À la suite de discussions avec l’administration de l’Université Laval, le président de l’ÆLIÉS précise que, « concernant l’enseignement, ce sont surtout les cours optionnels qui vont être affectés par la “tronçonneuse budgétaire”. […] Le mot d’ordre adressé aux facultés serait de ne surtout pas toucher aux cours obligatoires et de veiller à ne pas retarder la diplomation des étudiantes et étudiants. »

La totalité des retombées réelles de l’ensemble des retranchements budgétaires des différents départements sera connue dans quelques semaines, lorsqu’ils auront déposé leur budget définitif.

Du côté de la CADEUL, on se dit « très préoccupé par le climat d’austérité en vigueur actuellement au Québec, notamment en ce qui a trait aux compressions dans le milieu de l’enseignement postsecondaire ». Les associations membres de la CADEUL ont d’ailleurs adopté un plan d’action contre l’austérité lors du dernier caucus, vendredi 30 janvier. Son contenu exact n’est toutefois pas encore connu.

Un financement qui fait débat

Questionné sur les convictions que défendaient les recteurs en 2012 et celles de 2015, Christian Djoko commente : « De prime abord, cela paraît extrêmement contradictoire que leur réflexe soit d’adapter leur budget pour l’équilibrer plutôt que de s’acharner à démontrer qu’il est déjà insuffisant. Lors de l’Assemblée générale annuelle de l’Université, le recteur avait dit qu’il travaillait de concert avec les autres recteurs, en dehors des projecteurs, à faire entendre aux décideurs politiques, les conséquences de ces compressions sur le milieu universitaire. » En 2012, les recteurs défendaient une hausse du financement des universités, aujourd’hui, c’est une baisse du financement que fait actuellement subir le gouvernement aux universités du Québec.

La Direction des communications de l’Université Laval n’a pas souhaité commenter, mais a tout de même ajouté que « l’Université poursuit son travail afin d’atteindre l’équilibre budgétaire et maintenir la qualité de l’enseignement pour tous les étudiants. »

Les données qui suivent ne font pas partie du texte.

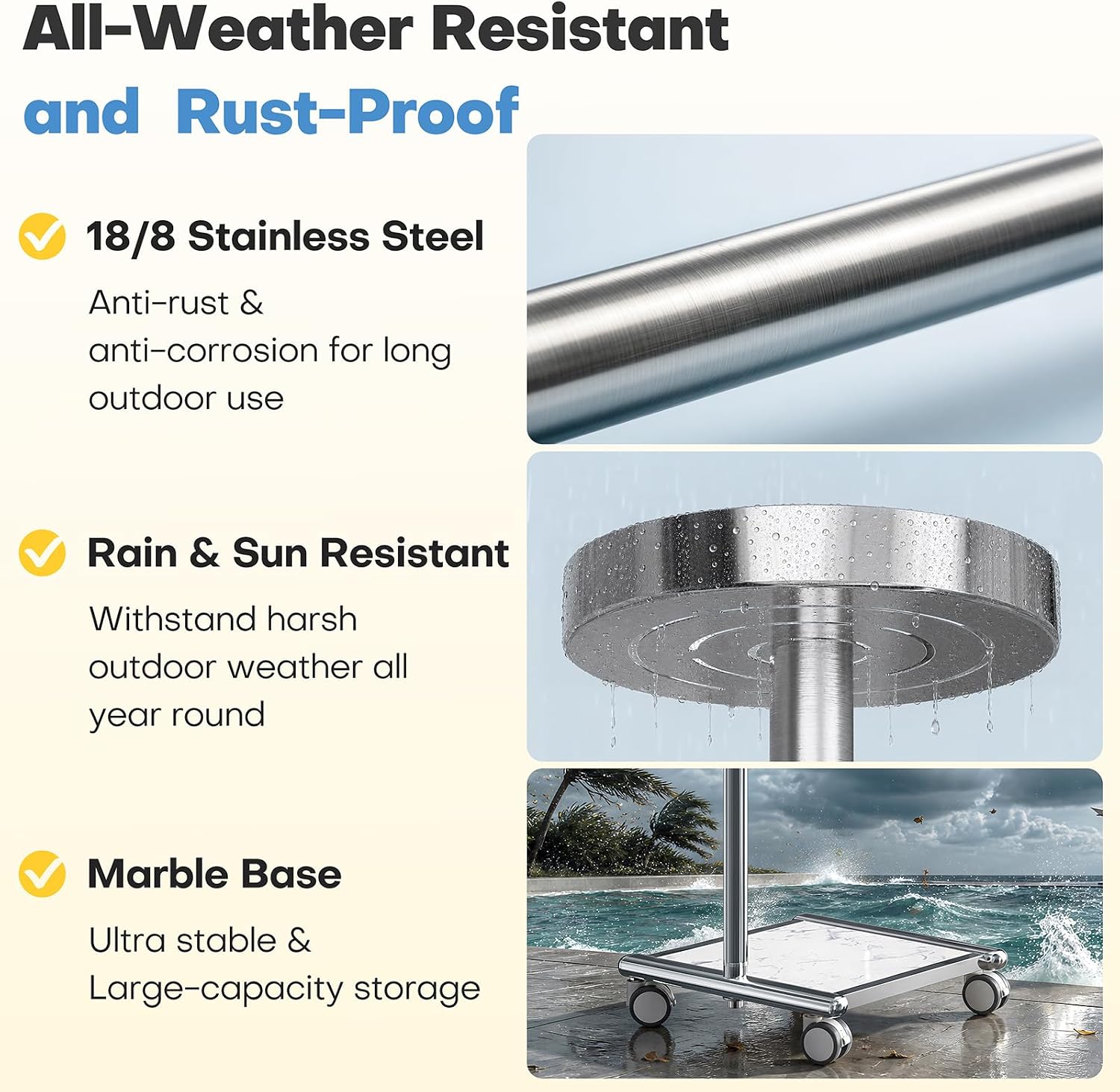 18/8 Stainless Steel Pool Towel Rack Outdoor with Locking Wheels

Concernant le financement des universités, la CADEUL « continue de recueillir des appuis pour son projet de Fonds des services de santé et d’éducation postsecondaire (FSSEP) et poursuit le travail de représentation politique afin que cette solution soit mise en place le plus rapidement possible ». Selon l’association de premier cycle, le FSSEP permettrait « de refinancer adéquatement notre réseau d’enseignement postsecondaire en plus de permettre une mise à niveau de l’aide financière aux études afin de répondre aux besoins réels des étudiants d’aujourd’hui ».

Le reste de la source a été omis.